Acceleration, and Rindler Coordinates, look exactly the same.  Flattened more on the side oriented toward motion.  This makes sense, if you think in terms of the speed of light; if you had reaction-less acceleration, that is, you weren't throwing particles out the back end of the ship, you'd get the same shape, just because the lightspeed "update" to the gravitational field takes time to propagate, such that, from an outside perspective, the forward region of  fiethe gravitational field is always slightly behind, time-wise, the backward gravitational field.  It takes time for light to reach things.
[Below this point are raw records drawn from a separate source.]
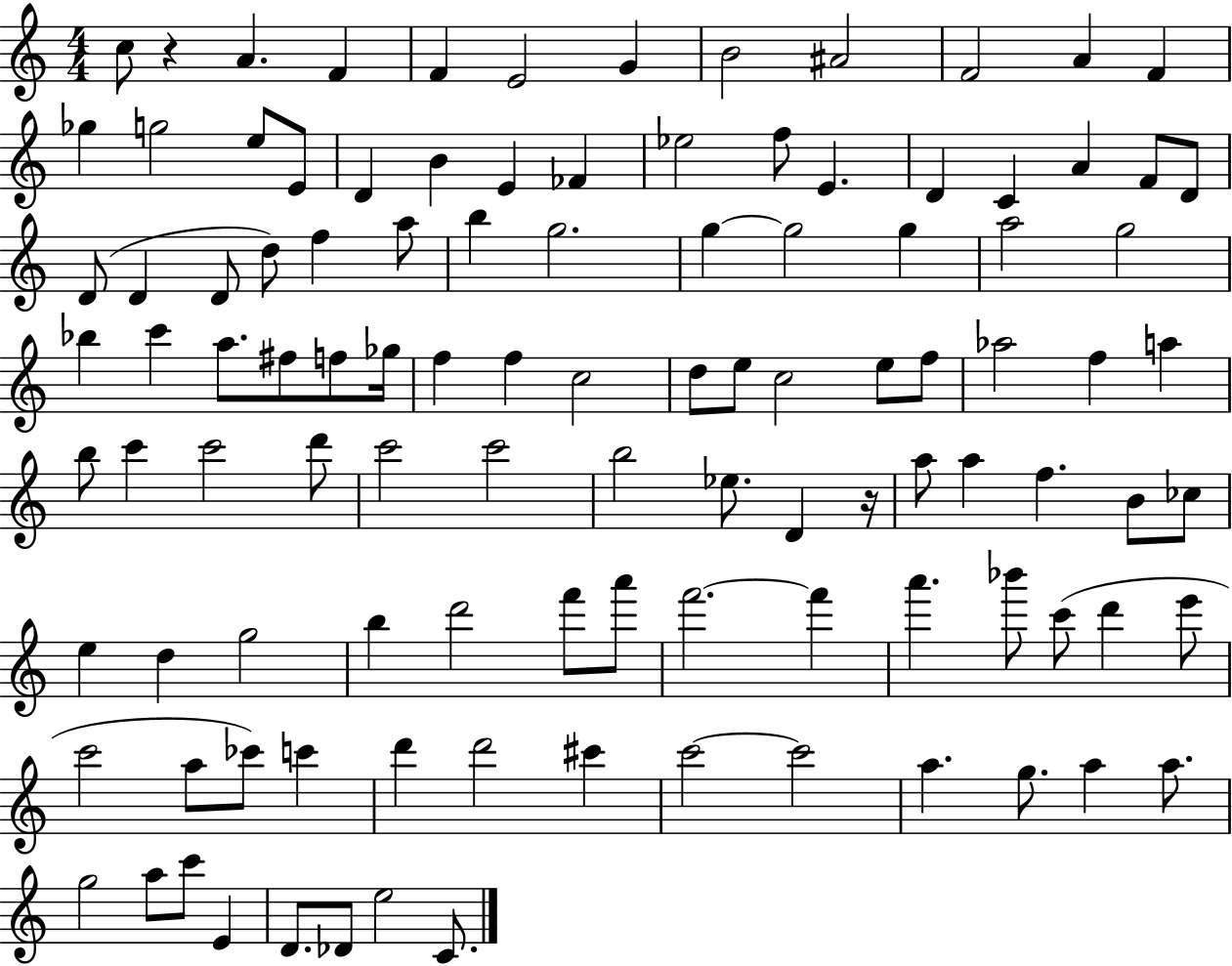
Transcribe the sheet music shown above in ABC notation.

X:1
T:Untitled
M:4/4
L:1/4
K:C
c/2 z A F F E2 G B2 ^A2 F2 A F _g g2 e/2 E/2 D B E _F _e2 f/2 E D C A F/2 D/2 D/2 D D/2 d/2 f a/2 b g2 g g2 g a2 g2 _b c' a/2 ^f/2 f/2 _g/4 f f c2 d/2 e/2 c2 e/2 f/2 _a2 f a b/2 c' c'2 d'/2 c'2 c'2 b2 _e/2 D z/4 a/2 a f B/2 _c/2 e d g2 b d'2 f'/2 a'/2 f'2 f' a' _b'/2 c'/2 d' e'/2 c'2 a/2 _c'/2 c' d' d'2 ^c' c'2 c'2 a g/2 a a/2 g2 a/2 c'/2 E D/2 _D/2 e2 C/2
Of course, that is reaction-less acceleration; it presumes acceleration through some other mechanism causes this effect.  I think this is slightly backwards; acceleration doesn't cause this shape, this shape is the phenomenon we call aƧceleration.  This distortion is temporary, caused by the interaction of fields, such as gravity.  But to explain this, we need to look at collisions, and more generally acceleration that isn't reaction-less.  We haven't discovered reaction-less acceleration anyways, and this may help to illustrate why.

Collisions will require us to expand our gauge to include the repulsive phase of the wave just below gravity; gravity pulls things in, this phase pushes them away.  Just as the attractive phase distorts the mass wave to be shorter on the near side, the repulsive phase distorts the mass wave to be longer, the opposite distortion, imparting acceleration.
If the two objects are approaching each other at speed, they'll get that much closer before the velocity is reversed, and have that much more time to accelerate away; greater velocity coming in means greater velocity going out, all things being equal.
Now, this acceleration has an interesting property that distinguishes it in relativity from Newtonian acceleration - it is relative.